The electric vehicle giant's shares rose more than 12% Wednesday following its results and the comments. On Thursday, as of 11:32 am ET, it has gained a further 2.1%.
"The strong positive market reaction to Tesla's mixed Q1 print, in our view represented some relief that Tesla is not completely giving up on selling cheaper consumer models, nor is it staking the company's entire future on Robotaxi," said Deutsche Bank in its research note.
"Tesla promised instead it would utilize a mix of current production lines and aspects of next-gen technology to produce more 'affordable' vehicles at an accelerated pace, as early as in 1H25," added the bank.
The approach is seemingly in response to tough demand conditions for electric vehicles and the need to keep capex in check amid considerable needs for AI/autonomous. Deutsche Bank acknowledged it could be a positive development compared to their previous baseline expectation.

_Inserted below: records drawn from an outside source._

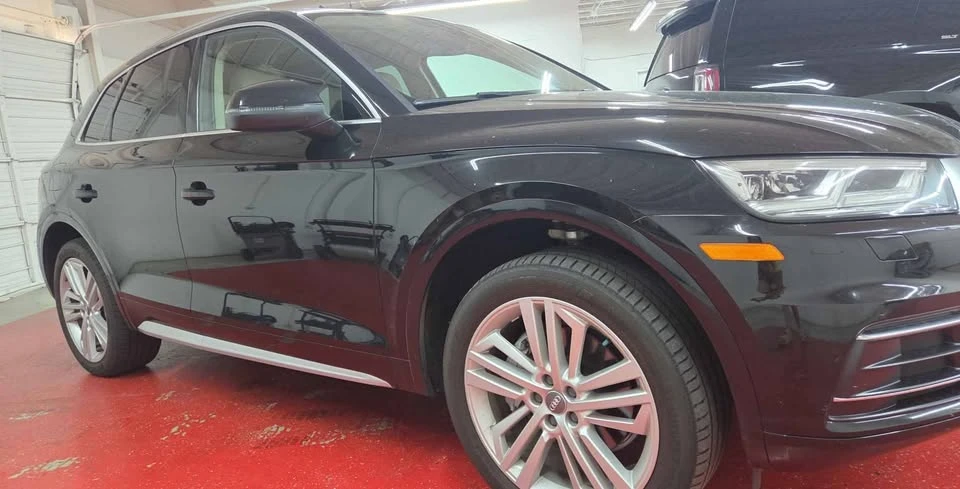2018 Audi FY Q5 - Image 3 of 20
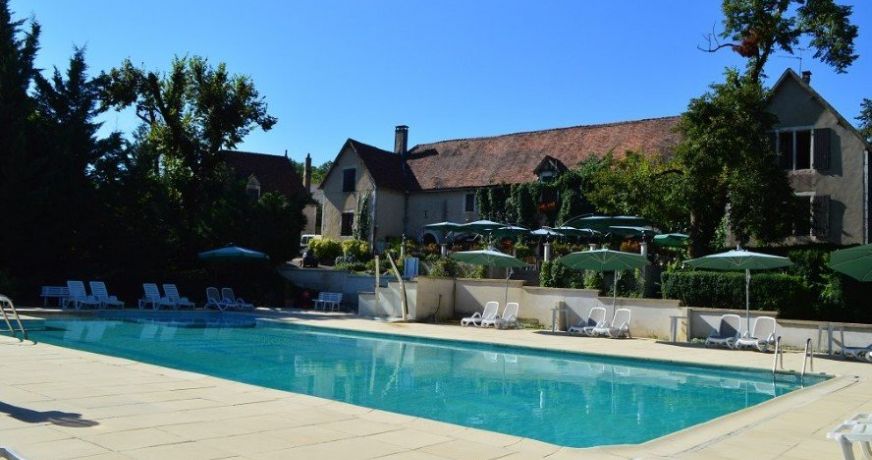 vente Domaine Gramat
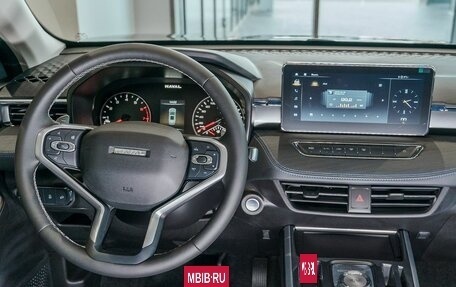 Haval Jolion, 2026 год, 2 449 000 рублей, 10 фотография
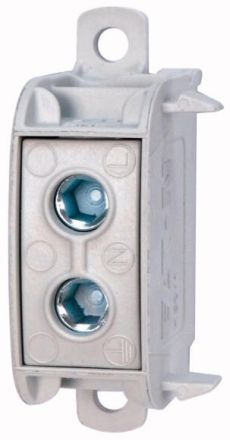 Eaton K50/1 Iso single terminal, 098573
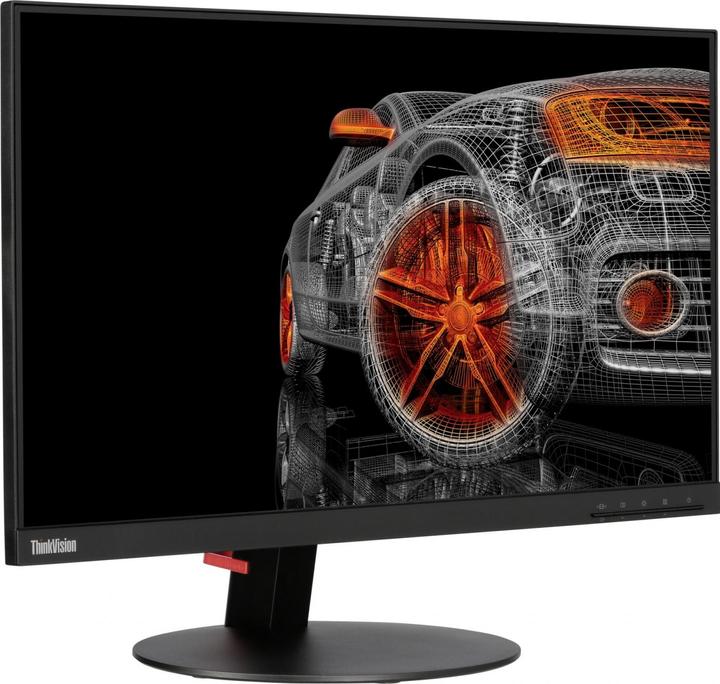 Produktbild Lenovo T24d-10 (1920 x 1200 Pixel, 24")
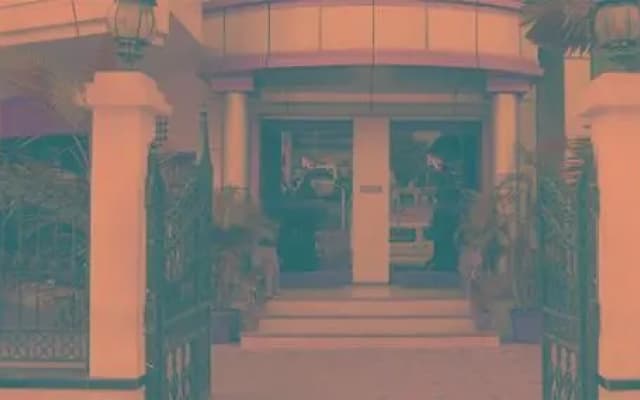 Hotel Conclave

However, the firm said it "leaves large unanswered questions around the detail and cost of the new vehicles and creates considerable execution risk considering the aggressive timeline, as well as risk of Model 3/Y cannibalization if differentiation is small."
"Volume of the more affordable vehicle lineup is also limited by current existing capacity, which may not be enough to move the needle on earnings."